Why some static webpages are not clipped completely in pdf format?

chrk · July 10, 2021, 11:48am

I have no clue about any technical aspects of this, but I wanted to contribute that in my experience I can also confirm that Safari’s Export as PDF always takes a local snapshot of what is seen in the browser. This becomes apparent when disabling (local) adblock extensions, as it changes the resulting PDF. It behaves like one of those screenshot page extensions, but keeps links intact and is overall the best option for saving as PDF in my experience.

The PDF clipper options in DT don’t seem to happen locally, so the results are always different from what I see in the browser. This also applies to one-page PDFs, as there are sometimes banners, cookie notices or other annoyances visible. That’s why I never really use it any more, because I never know what I get in the end.

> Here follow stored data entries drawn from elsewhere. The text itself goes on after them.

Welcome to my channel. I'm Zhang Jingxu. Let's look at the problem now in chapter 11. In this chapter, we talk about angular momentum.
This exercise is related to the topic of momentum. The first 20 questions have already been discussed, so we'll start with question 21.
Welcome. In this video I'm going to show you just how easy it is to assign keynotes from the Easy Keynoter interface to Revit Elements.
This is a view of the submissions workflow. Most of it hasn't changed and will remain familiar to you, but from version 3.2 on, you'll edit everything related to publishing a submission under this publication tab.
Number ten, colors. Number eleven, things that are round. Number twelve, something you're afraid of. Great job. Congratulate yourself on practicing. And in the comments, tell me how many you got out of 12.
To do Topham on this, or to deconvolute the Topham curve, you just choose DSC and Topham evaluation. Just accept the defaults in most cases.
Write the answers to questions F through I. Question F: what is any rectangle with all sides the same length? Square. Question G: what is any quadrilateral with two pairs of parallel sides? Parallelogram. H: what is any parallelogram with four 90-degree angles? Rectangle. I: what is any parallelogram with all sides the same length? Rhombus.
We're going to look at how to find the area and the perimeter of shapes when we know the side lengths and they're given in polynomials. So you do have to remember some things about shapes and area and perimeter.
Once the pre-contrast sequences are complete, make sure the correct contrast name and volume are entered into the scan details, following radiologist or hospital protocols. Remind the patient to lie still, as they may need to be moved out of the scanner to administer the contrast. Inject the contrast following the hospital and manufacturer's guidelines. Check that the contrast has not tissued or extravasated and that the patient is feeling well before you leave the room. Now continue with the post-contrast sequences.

naitree · July 10, 2021, 12:26pm

I find it not always keeping links intact. Oftentimes some links are dropped, which makes it unreliable when links are important information on the page.

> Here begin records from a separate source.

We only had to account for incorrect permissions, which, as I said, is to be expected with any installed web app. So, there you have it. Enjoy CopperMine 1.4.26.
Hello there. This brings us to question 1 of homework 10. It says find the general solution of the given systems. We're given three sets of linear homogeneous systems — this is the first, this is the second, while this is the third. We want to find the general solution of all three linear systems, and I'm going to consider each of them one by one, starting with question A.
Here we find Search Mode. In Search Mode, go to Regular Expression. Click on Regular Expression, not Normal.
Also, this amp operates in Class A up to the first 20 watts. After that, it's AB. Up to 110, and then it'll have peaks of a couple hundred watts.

In my personal experience, there’s a way to specify the result of one-page pdf clipper, which is a 3 steps procedure:

clip the target webpage as webarchive to DT
open the webarchive in DT, make necessary edits, e.g., delete extra headers/footers/ads
clip the webarchive again into a one-page pdf (via gear icon next to the address bar).

In my experience, the result will always look identical to the rendered webarchive. Actually this procedure worked (for me) for every webpage that requires redaction and preserves links, except for these weird Tübingen pages which bumps onto my head today.

cgrunenberg · July 10, 2021, 12:37pm

I just clipped the above page as PDF documents. Paginated PDF used the print-style and single-page PDF the current layout as expected. The only issue cause the annoying cookie overlays as DEVONthink has to download & render the page on its own for clipping.

chrk · July 10, 2021, 1:27pm

Not ideal either.

I’ll try your other method too, but given its effort it wouldn’t be sustainable in my case, but good to have as a last resort.

Would be nice if Fireshot was available for Mac.

BLUEFROG · July 10, 2021, 1:47pm

While we don’t do support for others’ apps, maybe look at…

chrk · July 10, 2021, 2:05pm

Thank you. Unfortunately, this has the same issue as DT’s PDF clipper in that it does not capture a local WYSIWYG version PDF, like Safari’s Export to PDF option does or utilities like Fireshot do. That makes it as difficult as DT’s own clipper because of elements like cookie notices and other pop-ups obsuring content that result in unusable PDFs.

BLUEFROG · July 10, 2021, 2:12pm

This is what I got in Paparazzi…

Section 2 | University of Tübingen.pdf.zip (94.5 KB)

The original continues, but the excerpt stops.